Is 1% AFR good enough? Some of the FAST07 papers showed measured disk AFR in the 4-6% range. Is 4-6% AFR good enough? This sort of question is difficult to answer. We'd like the AFR to be 0%, but that is unrealistic. We would also expect that as the disks go beyond their useful life we should see an increase in failure rates. Recall that no child will live to 4,800 years -- for humans, the death rate increases dramatically as we approach 100 years and very, very few people have lived past 110 years. Similarly, many disks are rated for a 5-year life span, after which you can expect the failure rate to increase. What we really want to know is, "is the reliability getting better (a good thing) or worse (a bad thing)?" At Sun, we use time dependent reliability (TDR) analysis to track the field reliability of our products. This allows us to see changes in reliability as we implement changes in processes, procedures, or products. If a product begins to show a worsening in field reliability, we dig into the data to see why, and fix the problem.  Be sure to check out the TDR presentation and white papers for details, it is a very good method to implement in your processes.

When is MTBF useful? IMHO, the problems with MTBF for determining service rates are not a good reason for tossing it out entirely. MTBF (or AFR) is often the only reliability metric which is available for hardware from a wide variety of vendors. But rather than worrying about the magnitude of the number, examine the relative relationships between the parts. For example, if you need a disk drive and one model has a data-sheet MTBF of 1 Million hours and another has a data-sheet MTBF of 1.6 Million hours, it is very likely that the 1.6 Million hour drive will be more reliable than the 1 Million hour drive.

OK, so that was a no-brainer analysis.  Real life is never that easy.  Suppose you've been stung by a failed disk and subsequently resolved to never get stung again by using RAID. For 2-disk mirrors, the simple MTBF analysis still makes sense: 2 disks with 1.6 Million hours MTBF will be more reliable than 2 disks with 1 Million hours MTBF. But this begins to become more difficult as you add disks (and possible configurations) and begin to consider deferred maintenance (to save on service costs.) Once you start asking these questions, the simple MTBF of the resulting system becomes increasingly less interesting and other reliability measurements become more interesting. For example, you will often hear us talk about Mean Time Between System Interruption (MTBSI) or Mean Time To Data Loss (MTTDL). which are more representative of the pain associated with service failures in redundant systems. However, in order to calculate MTBSI or MTTDL, we need to have some measurement of the reliability of the individual components -- MTBF. When we compare two different system design scenarios, the MTBSI or MTTDL calculations will show the differences in design as a relative measure of the components. This is very useful for making system design decisions.
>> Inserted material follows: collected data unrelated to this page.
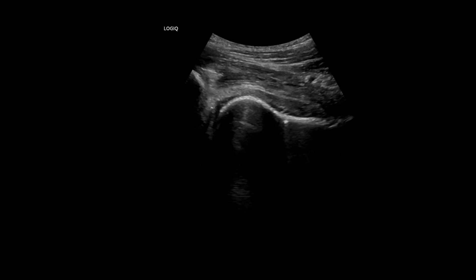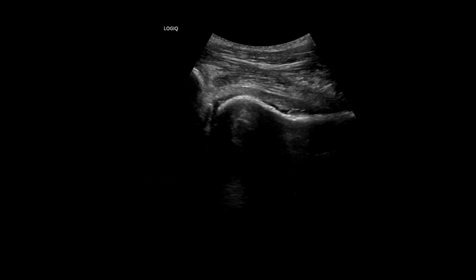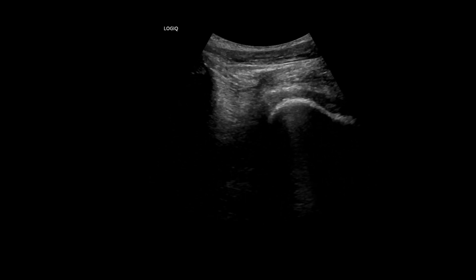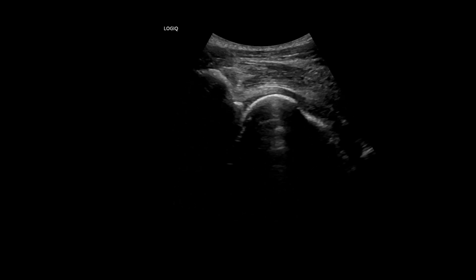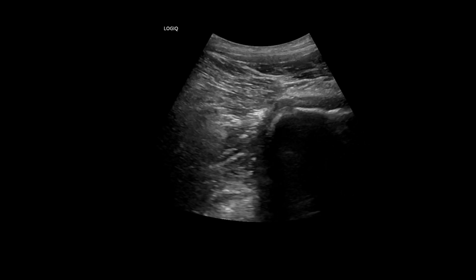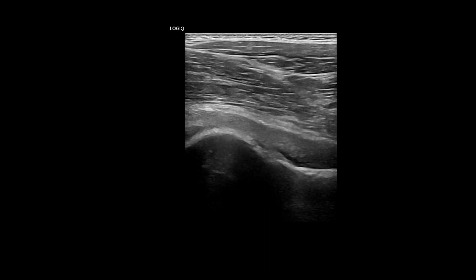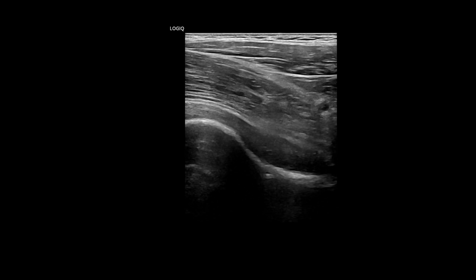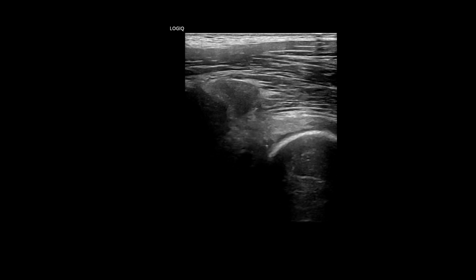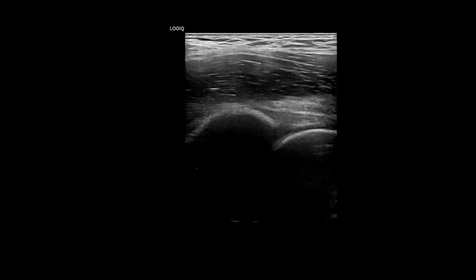Using a convex probe, I performed a longitudinal scan along the axis of the femoral neck and visualized the femoral head, femoral neck, and synovial recess. I identified joint effusion in the anterior recess of the hip joint. Switching to a linear probe, I could visualize the joint effusion more clearly and noted cortical irregularity along the anterior aspect of the femoral neck. There is a synovial outpouching in the upper lateral aspect of the hip joint.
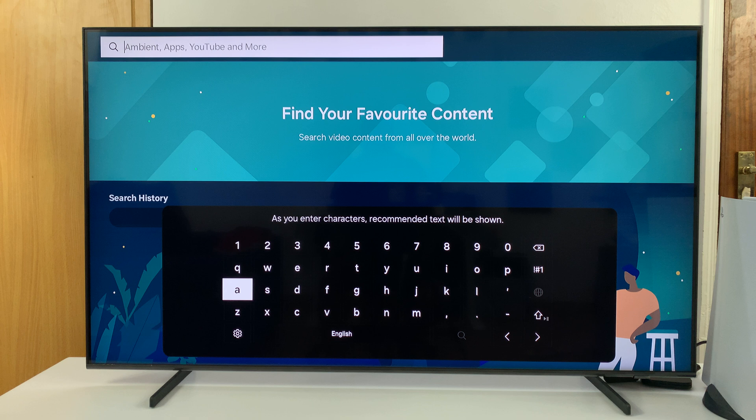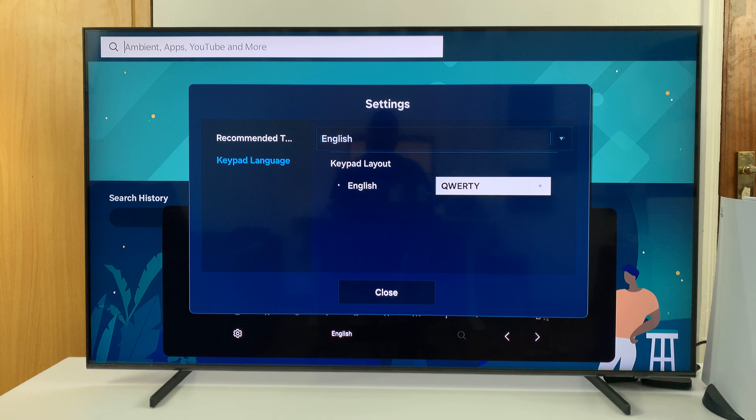Once again, if you want to change from QWERTY back to ABC, you can always go back to that same setting and choose ABC instead of QWERTY.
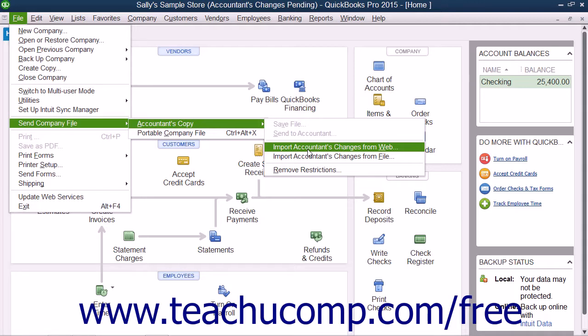If using QuickBooks 2014 through 2013, select File, then Accountants Copy, then Import Accountants Changes from Web from the menu bar instead.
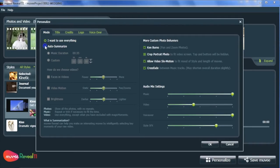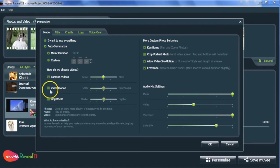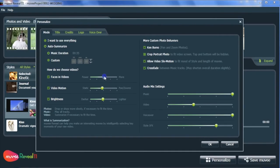For videos that haven't been marked with Magic Moments, MiuV Reveal will auto-summarize them. You can choose the limits based on faces, motion, and brightness.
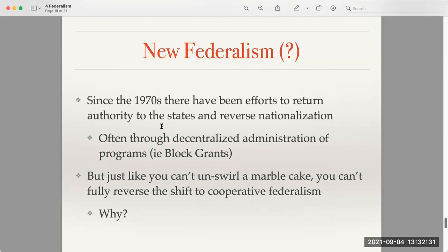We can see that the use of block grants was typically considered a conservative tool. If you look at the PBS NewsHour video on this playlist — about a two-minute video — where they discuss reforming Medicaid by using block grants, you'll see how they discuss that as a conservative idea, since it would be limiting the reach of Medicaid.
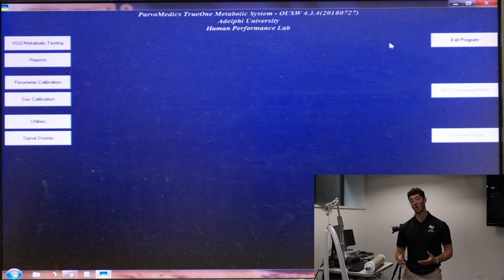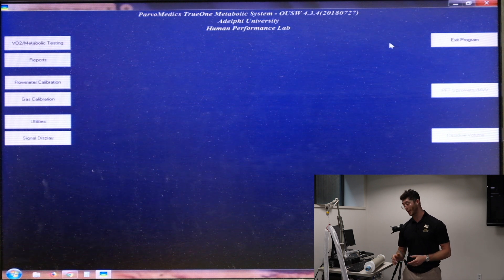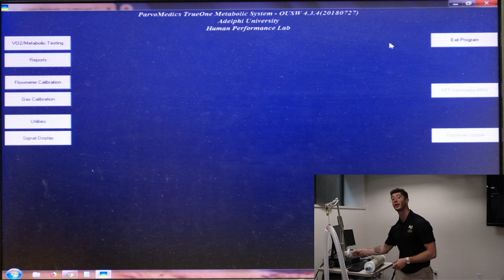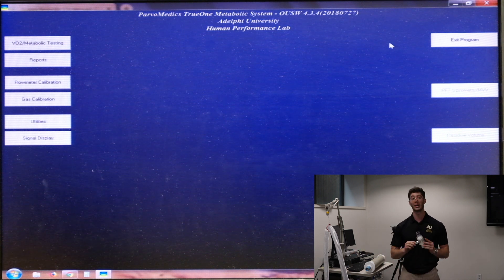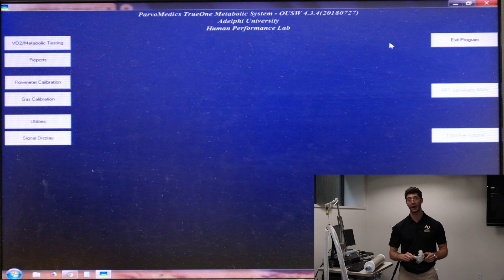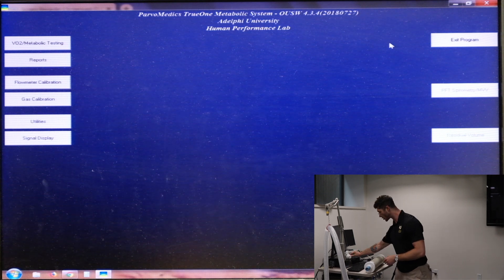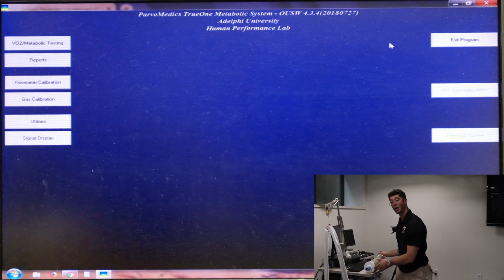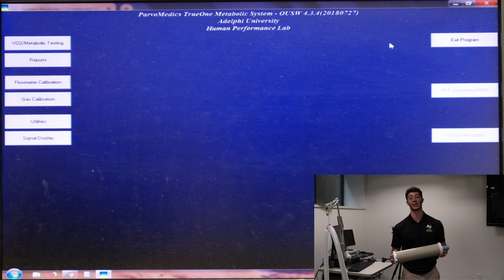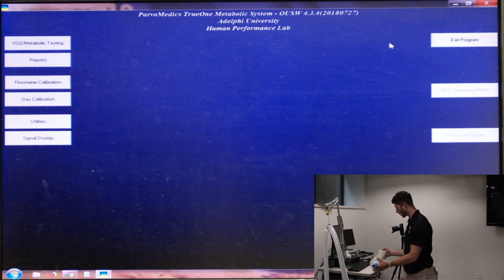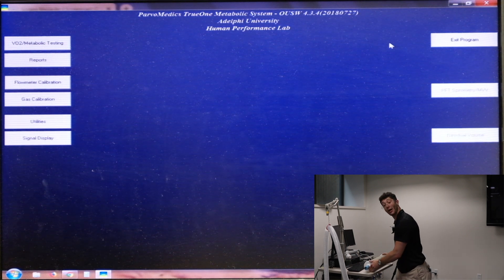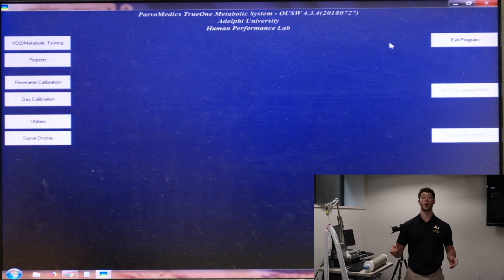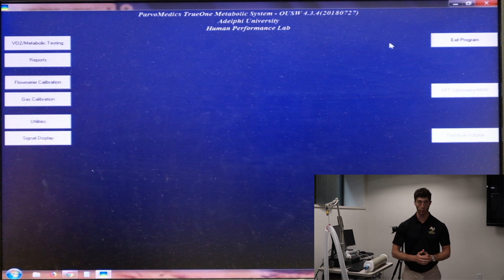In order to start our calibration process we need a couple more things. We need an assembled mouthpiece and we also need a three liter calibration syringe. So once we've got those things we are ready to go.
In conclusion, MTBF will remain misunderstood for a long time.  But MTBF and redundancy analyses using MTBF are still useful for comparing system design trade-offs.

 

 

Wednesday Jan 31, 2007

ZFS RAID recommendations: space, performance, and MTTDL all-in

Wrapping up the thread on space, performance, and MTTDL, I thought that you might like to see one graph which would show the entire design space I've been using.  Here it is:

All-in graph 

This shows the data I've previously blogged about in scale. You can easily see that for MTTDL, double parity protection is better than single parity protection which is better than striping (no parity protection). Mirroring is also better than raidz or raidz2 for MTTDL and small, random read iops. I call this the "all-in" slide because, in a sense, it puts everything in one pot.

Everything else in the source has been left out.